Вскоре я начала узнавать дорогу к загородному дому, где была в первый день знакомства с Господином. Зайдя в дом, мы сразу отправились на террасу, где был накрыт легкий обед. Бросив взгляд на часы, я с ужасом поняла, что все наши прогулки заняли целых пять часов, и времени до вечера остается очень мало. Возле стола стояла уже знакомая мне Марина. Сегодня на ней было ярко-красное кружевное белье. Приветливо поздоровавшись, она стала обслуживать нас за столом. В смысле подавать нам еду. Только сейчас я поняла, насколько я проголодалась: выброс адреналина и эмоций поглотил кучу энергии, которую организм требовал немедленно восполнить.

- Не нужно особо налегать на еду, - тихо сказал Господин, неодобрительно наблюдая, как я с жадностью накинулась на закуски, - Ну, как тебе подарок? - Спросил он, аккуратно отрезая маленький кусок запеченной свинины и отправляя его в рот.

- Это самый лучший подарок в моей жизни! – искренне и восхищенно ответила я, глядя на него во все глаза.

Господин попросил принести кофе. Подходя к столу, Марина, едва охнув, оступилась, и чашки со звоном полетели на пол, разливая по деревянному покрытию ароматный напиток. На таких шпильках оступиться очень легко, и я даже не особо удивилась этому. Однако Господин так не считал: его лицо мгновенно ожесточилось, но голос по-прежнему остался тихим и спокойным, когда он заговорил, бросив небрежно салфетку на стол:

- Через пятнадцать минут обе в черной комнате, – встал из-за стола и вышел.

Я тут же сорвалась со своего стула, кинувшись помогать ей собрать осколки с пола.

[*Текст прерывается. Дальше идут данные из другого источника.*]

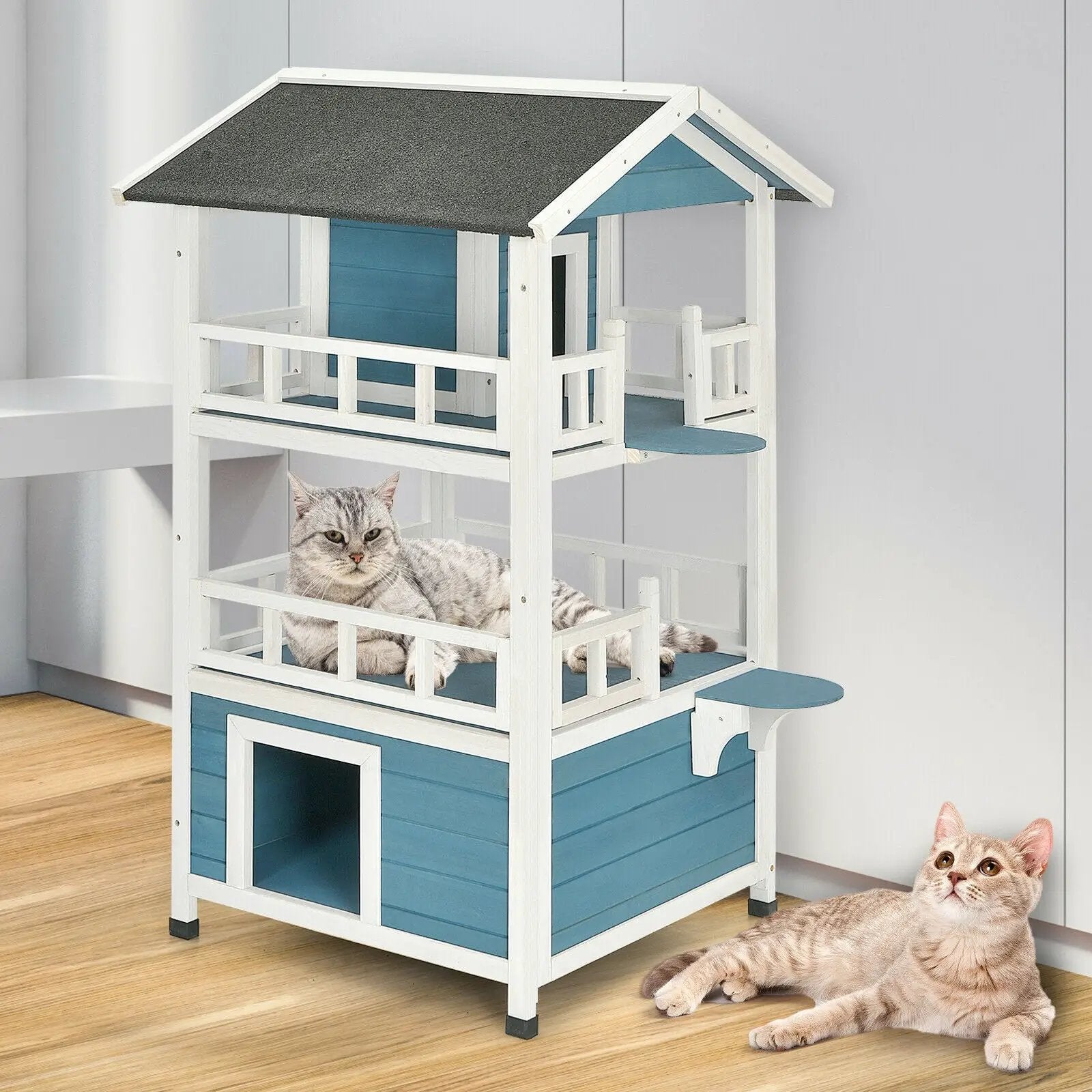 2-Story Outdoor Wooden Catio Cat House Shelter with Enclosure by DirectDeals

- Спасибо, - благодарно улыбнулась она мне, - Но нам действительно нужно торопиться, - и она заговорчески мне подмигнула. У меня появилось стойкое ощущение, что чашки разбились далеко не случайно.

Собрав осколки и поставив поднос на стол, она схватила меня за руку и потащила меня в гардеробную. Скинув одежду и обувь, мы обе облачились в черные латексные костюмы, натянутые на голое тело. Между ног была вшита молния, при желании обеспечивая доступ к самому сокровенному на наших телах. Открытой осталась только голова. Она снова взяла меня за руку, и мы почти бегом кинуть в подвал. Едва мы спустились в подвал, от вида дверей и воспоминаний у меня поплыло все перед глазами, и мгновенно подкосились ноги. Быстро миновав красную дверь, мы вошли в черную дверь, плотно прикрыв ее за собой. Это была действительно ЧЕРНАЯ комната: стены, пол, потолок – все было абсолютно черное. Скрытые в нишах светильники едва освещали пространство, усугубляя и без того мрачное ощущение от комнаты. По стенам были развешаны девайсы самых разнообразных видов, форм и размеров: стеки, кнуты, плети - они почти сплошняком покрывали все три стены, кроме той, в которой была дверь. У одной из стен стоял небольшой стол и кресло, в котором сидел Господин, глядя на нас. Также, как и в красной комнате, со стен свисали цепи с кандалами. Он поднялся с кресла и, обойдя стол, прислонился к нему, крутя в руках стек.